Justin Johansson (32/108) Oct 16 2009 Thanks muchly (also the _ tip)

bearophile (19/23) Oct 16 2009 In DMD:

Justin Johansson (7/17) Oct 16 2009 "because they often have just an illusion of understanding things :-)"

Steven Schveighoffer (18/43) Oct 15 2009 You got a response because I'm actually awake and at a computer :) I
Jeremie Pelletier (8/27) Oct 15 2009 I don't see why delegates should be allocated on the heap, if so then

Steven Schveighoffer (5/9) Oct 15 2009 How do you propose to fix it? I think it is the minimal approach. You ...
downs (52/52) Oct 15 2009 Two discoveries were made from this benchmark.

downs (1/1) Oct 15 2009 On consideration, this wasn't a test of the two methods at all, but a te...

Don (6/12) Oct 15 2009 Not so. On 286 and earlier, stack pushes were more expensive. They're

Justin Johansson <procode adam.com.after-dot-com-add-dot-au> writes:

- that the .sizeof a delegate is 8 bytes (on a 32-bit machine).

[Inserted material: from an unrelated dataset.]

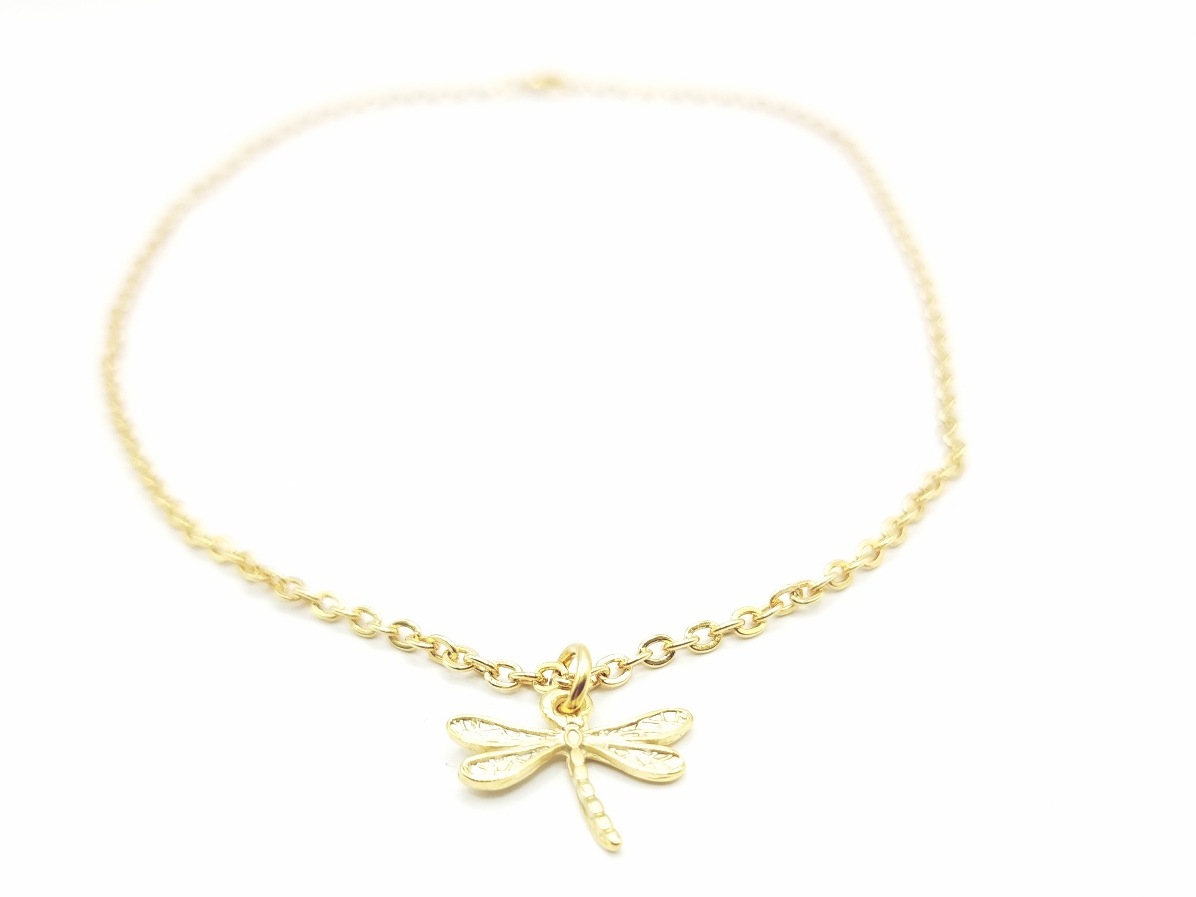 Collar de cadena2 dorada y libélula pequeña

AFAIK, stack pushes are still more expensive than a pointer dereference in
contemporary
CPU architectures.

Justin

Oct 15 2009

downs <default_357-line yahoo.de> writes:

Justin Johansson wrote:
 - that the .sizeof a delegate is 8 bytes (on a 32-bit machine).
 
 AFAIK, stack pushes are still more expensive than a pointer dereference in
contemporary
 CPU architectures.
 
 Justin

- with this weird way of writing posts? The subject should tell us about the
content, not your emotional state! :p

Also I have no idea what you mean. Should delegate _values_ be heap allocated?!
That'd be insanity. Also, I'm fairly sure you're wrong. The stack is relatively
likely to be in the CPU cache. A random pointer dereferencing .. isn't. Also,
do you really want to heap even more work on the ailing GC?

Oct 15 2009

Justin Johansson <procode adam.com.after-dot-com-add-dot-au> writes:

downs Wrote:

 Justin Johansson wrote:
 - that the .sizeof a delegate is 8 bytes (on a 32-bit machine).
 
 AFAIK, stack pushes are still more expensive than a pointer dereference in
contemporary
 CPU architectures.
 
 Justin

 
 - with this weird way of writing posts? The subject should tell us about the
content, not your emotional state! :p

Re subject line: fair call, you are right.  Emotions aside, at least this time
I got a response.

 
 Also I have no idea what you mean. Should delegate _values_ be heap
allocated?! That'd be insanity. Also, I'm fairly sure you're wrong. The stack
is relatively likely to be in the CPU cache. A random pointer dereferencing ..
isn't. Also, do you really want to heap even more work on the ailing GC?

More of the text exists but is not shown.